Swift is getting pretty good at the immutable struct thing- but what you find is if you use collections, or dynamic length objects (ie. a string, but thats not what we are talking about- but a string is dynamic length as well- you run into ARC and heap work and performance getting hit pretty hard.

Our allocations that are high frequency are temporary, so we make a temporary heap and allocate from there, and manually promote winners out of the infant heap (when they win). We didn't do anything weird to the language. Swift's "unsafe" stuff gives us the ability to work around ARC and get high performance with API. We believe when we learn idioms that generate high performance, our job is to talk about them here so the core team can adopt them into language land and make them pretty.


Here, we've discussed marking functions for asynchronous processing with keywords akin to try and throws. We've talked about generalizing this to an entire effects system. Are you thinking about making the weak/strong/singleton an effect too?

Particularly im against turn some things into keywords and hiding the implementation from the developers where they have no recourse once the path forced onto everyone don't work quite right for them.
I think Swift have the potential to be more explicit and less implict about some things, and i think that when it was decided for a deterministic GC for start, it would be feasible to change the underlying implementation once the language matured.

So im mostly against to do things like Go where you have a keyword. I rather prefer this to be a library where people can opt-in and customize the ways to do it in a competitive fashion.

You know, even the actor model its not the solution to every problem on concurrency. Sometimes you need thread pools and message loops, and for certain problems they are the right way to do multi-threading despite the actor model be great for a lot of scenarios as Go has proven, specially in servers scenarios.

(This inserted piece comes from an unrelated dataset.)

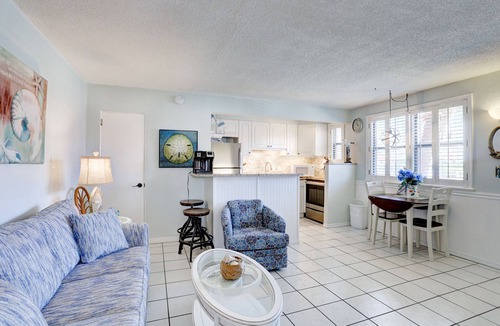 St. Pete Beach Condo | 🐚 Gulf Winds Ground-Floor Condo — Beachy Vibes & Easy Access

I was advocating that even in the memory control aspect, make it a language construction with hidden implementation instead of a library with explicit and therefore customizable for different scenarios.

And as it turns out, right now the fact that the ref-count is backed in the language without any recourse, its making Swift unable to become competitive in a couple of important scenarios.

So instead of an 'async' keyword, how about a library with concurrent collections, with a concurrent queue in in and a thread pool that uses native pthread's and leave the rest with the devs.

Concurrent data structures and thread pools with scheduling are very hard already, so making those available and let the user compose their concurrency according to its need would be much better than force to use things that are hidden.

So im against things like 'async' becoming a keyword with the implementation hidden from the user.
But i understand why it would be popular for the majority of programmers out there.

But as jonhburkey have shown in this thread, the fact that the ARC is unavoidable is a big impediment for Swift to become more performant in a couple of scenarios.

No problem with keywords or effects system as long its programmable and not hardcoded . But maybe Swift wants to be more like Java, Go and Javascript and less like Rust and C++ (and in that case, i think its a lost potential of what this language can achieve, which is a lot).

Edit: In case its not clear, its an anwer to @CTMacUser. BTW is there any thread or document about the design you are talking about?
If is something like:
async func x()
--- where ---
func async() {
(explicit implementation for the async 'pseudo-keyword' goes here)

Im all for it. If it manage to be explicit and customizable but also being more elegant, even better.